Un terrain pyrénéen : la montagne d’Enveig

13Partagée entre la France et l’Espagne, voisine de l’Andorre, la Cerdagne forme à l’est des Pyrénées une plaine élevée, allongée comme une amande entre deux lignes de sommets. Cette topographie particulière de vaste vallée ouverte dans un dédoublement longitudinal de la Chaîne lui vaut des proportions assez peu communes pour une région d’altitude, entre terroirs agricoles et montagnes. Les premiers s’étendent amplement entre 1 000 et 1 600 mètres, sur des surfaces planes puis sur les piémonts. Vers 1 600 mètres, les secondes, bois et pâturages, prennent le relais, la proximité des espaces ne nécessitant pas, ici, les granges intermédiaires que connaît le reste des Pyrénées. Parfois néanmoins, un habitat intercalaire mais permanent -- gros mas ou hameau -- occupe la transition.

14Le territoire d’Enveig répond à ce schéma (fig. 1 p. 156). Installé en bordure de la plaine, à 1 200 mètres d’altitude, le village a disposé ses maisons sur les premiers contreforts du massif du Carlit, à la rencontre des terres de labour et des prés riverains du Carol où se trouve la limite basse de la commune. De là, le finage se déploie en une large bande qui s’étage, du sud au nord, jusqu’aux crêtes. À la moraine, qui domine le terroir villageois, succède, à 1 500 mètres d’altitude, un plateau aux formes lourdes qui porte les terres à seigle des hameaux : Salit, malgré un statut territorial ambigu, Bena, Feners, Brangolí et le noyau disparu de Ces Cases, dont le Mas Franço maintient le souvenir, forment, avec les parcellaires qui les entourent et les 2 000 hectares de soulane qui s’élèvent au-dessus d’eux, ce que, depuis le XIIIe siècle au moins, on appelle « la montagne » d’Enveig… Relativité des découpages.

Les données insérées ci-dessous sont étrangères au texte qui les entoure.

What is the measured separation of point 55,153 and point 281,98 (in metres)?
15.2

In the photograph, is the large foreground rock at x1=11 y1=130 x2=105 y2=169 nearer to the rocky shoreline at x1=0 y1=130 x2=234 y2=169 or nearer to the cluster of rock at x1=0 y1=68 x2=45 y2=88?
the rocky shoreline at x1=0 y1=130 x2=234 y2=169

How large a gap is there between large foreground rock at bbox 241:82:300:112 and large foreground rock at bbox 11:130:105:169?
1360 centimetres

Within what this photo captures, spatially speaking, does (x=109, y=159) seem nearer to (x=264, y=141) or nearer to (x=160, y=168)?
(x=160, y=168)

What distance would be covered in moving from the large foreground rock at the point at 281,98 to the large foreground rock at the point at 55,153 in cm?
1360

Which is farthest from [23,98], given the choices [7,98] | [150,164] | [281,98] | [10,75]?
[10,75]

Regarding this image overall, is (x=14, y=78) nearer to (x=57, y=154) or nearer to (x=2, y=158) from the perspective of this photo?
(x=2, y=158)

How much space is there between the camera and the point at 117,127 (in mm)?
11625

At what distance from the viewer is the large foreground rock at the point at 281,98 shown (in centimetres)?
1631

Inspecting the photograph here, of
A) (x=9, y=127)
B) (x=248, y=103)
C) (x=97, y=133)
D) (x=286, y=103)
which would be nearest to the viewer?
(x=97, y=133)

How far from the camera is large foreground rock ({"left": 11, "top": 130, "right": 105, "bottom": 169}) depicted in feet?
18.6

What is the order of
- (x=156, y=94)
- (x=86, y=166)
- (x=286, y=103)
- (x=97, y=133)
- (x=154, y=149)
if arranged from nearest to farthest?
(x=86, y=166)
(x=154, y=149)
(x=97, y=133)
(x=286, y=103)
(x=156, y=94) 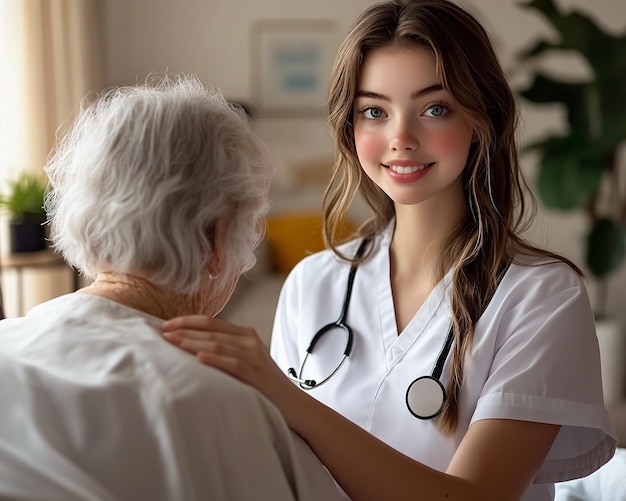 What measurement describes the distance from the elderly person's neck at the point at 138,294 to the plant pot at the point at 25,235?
2619mm

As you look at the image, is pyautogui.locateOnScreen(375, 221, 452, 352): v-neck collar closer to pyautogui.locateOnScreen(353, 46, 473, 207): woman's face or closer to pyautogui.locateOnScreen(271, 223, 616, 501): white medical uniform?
pyautogui.locateOnScreen(271, 223, 616, 501): white medical uniform

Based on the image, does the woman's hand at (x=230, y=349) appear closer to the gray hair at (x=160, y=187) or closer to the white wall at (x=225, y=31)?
the gray hair at (x=160, y=187)

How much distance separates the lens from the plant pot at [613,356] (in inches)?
179

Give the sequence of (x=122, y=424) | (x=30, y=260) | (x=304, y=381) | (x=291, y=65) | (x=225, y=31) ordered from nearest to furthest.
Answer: (x=122, y=424) → (x=304, y=381) → (x=30, y=260) → (x=225, y=31) → (x=291, y=65)

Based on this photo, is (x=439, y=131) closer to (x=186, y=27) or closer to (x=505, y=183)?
(x=505, y=183)

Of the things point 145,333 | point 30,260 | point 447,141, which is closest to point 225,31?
point 30,260

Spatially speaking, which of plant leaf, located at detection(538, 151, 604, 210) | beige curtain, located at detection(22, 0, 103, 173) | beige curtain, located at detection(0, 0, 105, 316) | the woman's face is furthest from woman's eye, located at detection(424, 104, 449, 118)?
plant leaf, located at detection(538, 151, 604, 210)

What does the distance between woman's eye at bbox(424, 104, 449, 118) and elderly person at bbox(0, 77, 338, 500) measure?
44 centimetres

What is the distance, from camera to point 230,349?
110cm

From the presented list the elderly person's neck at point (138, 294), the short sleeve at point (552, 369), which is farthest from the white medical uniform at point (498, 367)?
the elderly person's neck at point (138, 294)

15Les recherches archéologiques se déroulent sur la partie montagneuse de cette « montagne », c’est-à-dire sur ces 2 000 hectares de pâturages qui, semés de quelques bois de pins, dominent les hameaux et courent de la limite supérieure actuelle des cultures aux crêtes, soit entre 1 700 et 2 600 mètres d’altitude. Sur ce vaste versant, l’étagement se poursuit en trois paliers principaux : l’Orri d’en Corbill, à 1 900 mètres d’altitude, le Pla de l’Orri à 2 100 mètres puis les vastes surfaces d’aplanissement sommitales divisées en deux grands quartiers pastoraux, Maurà et La Padrilla.

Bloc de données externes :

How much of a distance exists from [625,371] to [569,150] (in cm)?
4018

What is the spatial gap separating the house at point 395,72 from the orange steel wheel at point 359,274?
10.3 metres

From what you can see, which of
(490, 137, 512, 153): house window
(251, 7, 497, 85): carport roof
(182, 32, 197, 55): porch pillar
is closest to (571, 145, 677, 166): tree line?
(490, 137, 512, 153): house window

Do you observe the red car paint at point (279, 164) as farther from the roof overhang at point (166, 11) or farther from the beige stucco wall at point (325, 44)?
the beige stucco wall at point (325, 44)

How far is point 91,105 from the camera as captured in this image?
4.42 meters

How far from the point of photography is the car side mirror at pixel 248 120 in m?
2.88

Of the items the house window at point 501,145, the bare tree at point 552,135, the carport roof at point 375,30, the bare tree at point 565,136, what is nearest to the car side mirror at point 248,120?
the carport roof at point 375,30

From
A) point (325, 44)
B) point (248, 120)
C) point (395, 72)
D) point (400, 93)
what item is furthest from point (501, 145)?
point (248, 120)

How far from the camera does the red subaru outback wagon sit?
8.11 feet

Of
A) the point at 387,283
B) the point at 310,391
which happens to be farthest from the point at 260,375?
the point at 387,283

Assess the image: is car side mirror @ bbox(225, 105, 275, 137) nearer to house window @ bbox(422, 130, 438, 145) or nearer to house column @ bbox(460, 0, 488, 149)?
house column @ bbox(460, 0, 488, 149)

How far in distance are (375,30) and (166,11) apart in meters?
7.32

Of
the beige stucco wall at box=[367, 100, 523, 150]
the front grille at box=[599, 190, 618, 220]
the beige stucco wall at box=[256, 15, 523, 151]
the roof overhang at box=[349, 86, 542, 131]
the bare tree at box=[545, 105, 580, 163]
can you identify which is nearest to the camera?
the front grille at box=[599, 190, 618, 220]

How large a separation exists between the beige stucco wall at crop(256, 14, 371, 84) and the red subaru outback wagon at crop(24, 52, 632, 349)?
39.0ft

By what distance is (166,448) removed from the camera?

16Une prospection de l’ensemble de ce territoire y a recensé quelque cent vingt implantations là où la carte et le cadastre en signalaient quatre. Quatorze de ces implantations ont à l’heure actuelle fait l’objet de fouilles, plus ou moins exhaustives, plus ou moins extensives, qui jalonnent une durée de près de 6 000 ans, du néolithique à nos jours.

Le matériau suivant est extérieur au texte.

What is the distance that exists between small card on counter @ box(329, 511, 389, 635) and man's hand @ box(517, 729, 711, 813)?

17Sans doute faut-il insister sur la très grande inégalité de la documentation, que cette longue durée rend particulièrement sensible. Au regard de l’analyse, qu’y a-t-il de commun entre la lisibilité des sites des derniers siècles de l’histoire, pour certains encore nommés et dont la forme des enclos indique la fonction, et l’opacité des traces les plus anciennes, souvent révélées à la faveur d’occupations postérieures et qui se bornent parfois à attester la réalité d’un séjour et à le dater ? La disparité relève également d’autres facteurs : occupations ponctuelles contre chronologies longues, cabanes isolées face à des ensembles complexes ; la dimension intrinsèque des sites joue, comme joue aussi la place que chacun tient, au moment où il est fouillé, dans une évolution de la connaissance et de la problématique, qui, toutes deux, orientent la collecte d’informations.

Questions d’échelles

  • 3 Unité topographique.

18Envisagé comme une totalité archéologique, le versant offre donc un environnement touffu où l’on progresse à vue. Il est d’autant plus nécessaire de repérer quelques axes majeurs. Le premier d’entre eux est l’étagement altitudinal. Si l’estivage n’est rien d’autre qu’une montée des troupeaux en été, mettre en lumière son fonctionnement demande d’abord de prendre acte de la pente. L’obtention d’un transect vertical ne peut cependant constituer le seul enjeu. D’autres objectifs interfèrent, qui forcent à composer avec la ligne droite : en posant la question de partages territoriaux entre plusieurs utilisateurs contemporains, la répartition de sites identiques sur un même gradient altitudinal conduit à mener conjointement une approche transversale dont le premier souci sera de vérifier, justement, cette contemporanéité, la chronotypologie restant la préoccupation principale. Enfin, la nécessité de comprendre l’enchaînement des événements -- reprises, déplacements, abandons -- sur un même pla3, le besoin d’appréhender globalement l’espace par quelques trouées dans le temps long peuvent retenir longtemps les fouilleurs en un lieu.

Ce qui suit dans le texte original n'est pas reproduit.